A veritable wave of new directives is making climate-related disclosures mandatory for a large part of the global economy. This requires a transparent inventory of greenhouse gas (GHG) emissions, an analysis of climate risks and disclosure of the measures taken. We tell you what the development means for companies in the packaging industry, take a look at the rules for you and provide a global overview. A little spoiler in advance: the topic of climate reporting should be on every company’s agenda in 2025.
The initial situation
On 26 September 2024, the European Commission initiated infringement proceedings against Germany for failing to transpose the Corporate Sustainability Reporting Directive (CSRD) into national law on time. But regardless of whether you are required to report under the CSRD or not, there is a series of mandatory homework that every company should have done. If not, then this should be on the to-do list for 2025:
- climate data such as a Company Carbon Footprint (CCF) and Product Carbon Footprints (PCF) for the main products
- climate targets and a plan to reduce emissions
- consideration of climate risks for the company and its supply chain
We already gave you 10 tips for dealing with the CSRD in May 2024. We will inform you about the possible postponements of the reporting obligation and sector-specific changes in the last article of this newsletter. Information on the definition of the CCF and examples of Scope 1, 2 and 3 emissions can be found here: GHG Protocol Standards and Guidance.
Background
The landscape of climate-related disclosure by companies is changing rapidly. It includes reporting on greenhouse gas (GHG) emissions, climate risks and actions taken.
A few years ago, companies could still decide for themselves whether and how to disclose information on climate-related risks and GHG emissions. Some took action, mostly because of pressure from consumers and/or customers.
Now, a wave of new guidelines is making climate-related disclosures mandatory for a large part of the global economy. Financial regulators have introduced mandatory climate-related disclosure rules in markets around the world – not only in the United States and the European Union, but also in New Zealand, China, Singapore, Hong Kong, Nigeria, the United Kingdom and elsewhere. Of the jurisdictions where climate-related information disclosure requirements have been introduced, eleven have been enshrined in law by 2024.
Overview of the global occurrence of climate-related disclosure obligations:
Source: https://www.iatp.org/corporate-climate-disclosure-rules-global-overview
The trend is obvious. Over the past three years, we have seen the impact of stricter disclosure requirements in the EU, California and other jurisdictions that are in line with the International Sustainability Standards Board (ISSB). They are also encouraging regulators in other countries to adopt stricter regulations; for example, draft legislation is being discussed in Malaysia and Indonesia.
The consequences
The global scope of the new climate-related disclosure rules may mean that public and private multinational companies will soon have to fulfil stricter disclosure requirements in more areas.

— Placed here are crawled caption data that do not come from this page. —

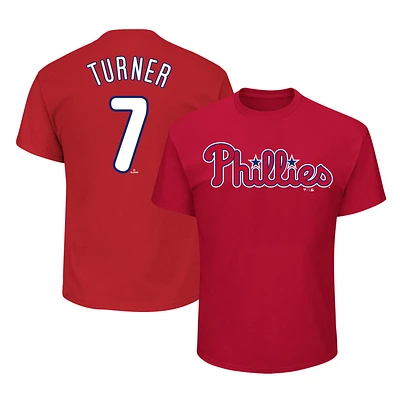 Men's Profile Trea Turner Red Philadelphia Phillies Big & Tall Name Number T-Shirt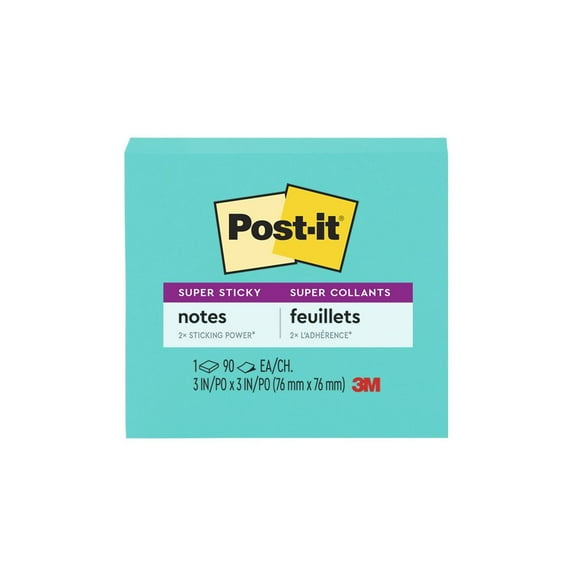 Post-it Super Sticky Notes, 3 in x 3 in, Aqua Blue, 1 Pad pack of 2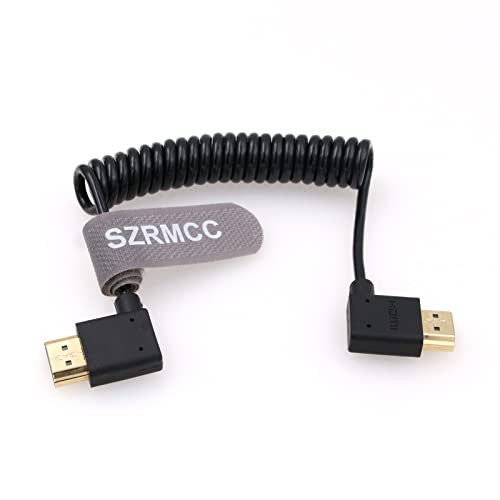 SZRMCC 8K HDMI 2.1 Kabel HDMI Linker Winkel Stecker auf HDMI Rechtwinkliger Spiralkabel High Speed Soft Kabel für Sony-Canon DSLR Kamera ATOMOS Portkeys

The new regulations will apply to many of the world’s largest food and agribusiness companies. Many of these companies operate in multiple countries, have a significant carbon footprint and have reported misleadingly in their voluntary reporting in the past.
At the same time, a larger number of smaller companies will also be obligated to disclose for the first time. You don’t need a crystal ball to make this prediction, as some disclosure requirements are aimed at including small and medium-sized enterprises (SMEs) over longer periods of time.

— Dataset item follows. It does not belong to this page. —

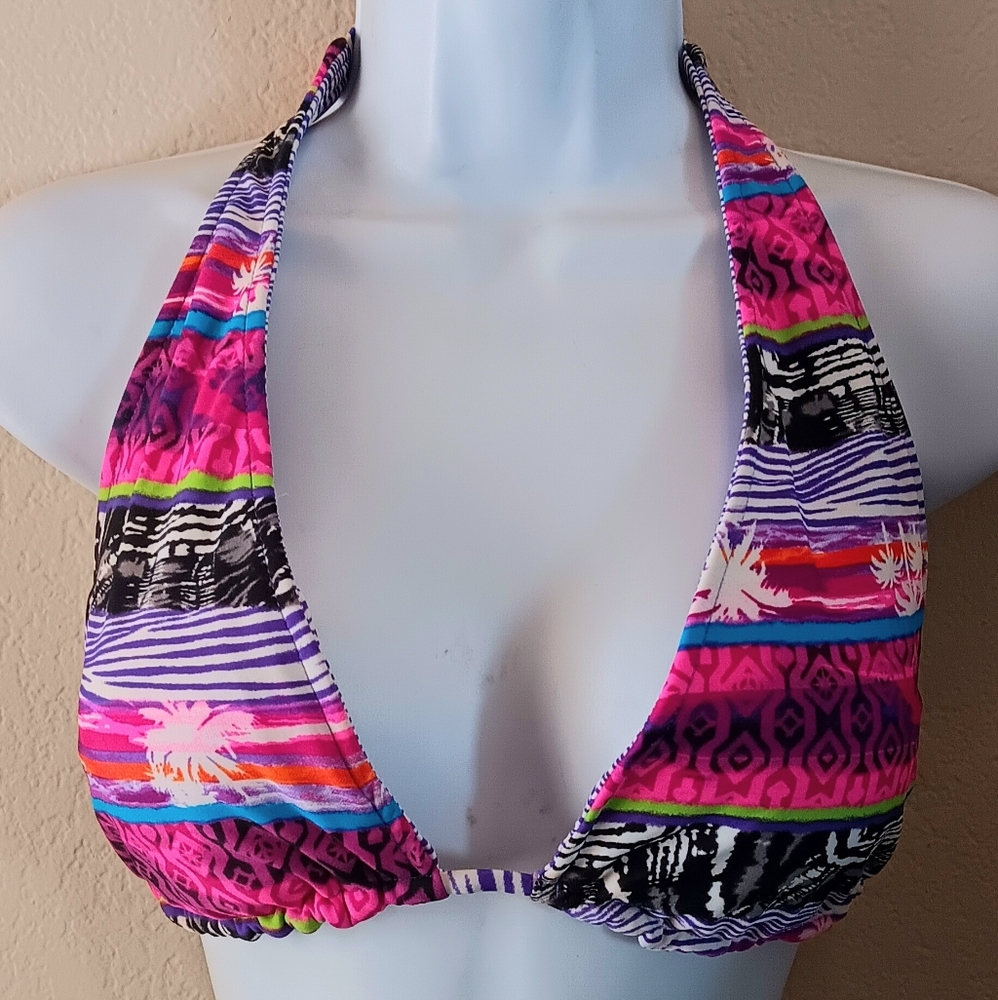 OP Multicolor Halter Bikini Top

The details of the new disclosure requirements vary, but one thing seems clear: the first phase of the era of mandatory global reporting on sustainability issues has begun.
What does this mean for companies in the packaging industry?
Companies in the packaging industry will not be able to escape this development. Three consequences stand out.
- Emissions reporting becomes unavoidable
As mandatory climate-related disclosure requirements become binding in more and more jurisdictions, emissions reporting will soon be unavoidable for many larger companies. According to an article published in May 2024 by the World Resources Institute (WRI), 40% of the global economy will soon be affected by climate-related disclosure requirements. This figure is likely to be even higher when all jurisdictions are taken into account. (Currently, the WRI calculation includes the following countries: Brazil, Hong Kong, Canada, New Zealand, Singapore, UK and the US, as well as the EU. This leaves out Australia, China, Nigeria, Switzerland, Turkey and other jurisdictions).
- Reports for several jurisdictions
Given the global scope of climate-related disclosure requirements, many large companies will soon have to report in multiple jurisdictions.
- Commitment by customers
Even if the threshold for CSRD reporting is not reached by the company itself, constraints arise as part of the supply chain. This is because more and more companies required to report will demand specific emissions figures from their partners and suppliers.
Conclusion
If your company has already completed all three of the tasks mentioned in the introduction, then sit back, relax and have a coffee – you are now well equipped to meet both legal and customer requirements. If that is not the case, then give us a call.
Epilogue: Climate saved?
Even the most stringent disclosure requirements analysed in this article do not prescribe emission reductions that would be necessary to achieve climate targets. The new rules are merely the first step in informing investors and the public about companies’ climate-related risks. Only time will tell whether mandatory climate-related disclosure requirements will encourage meaningful climate action by companies.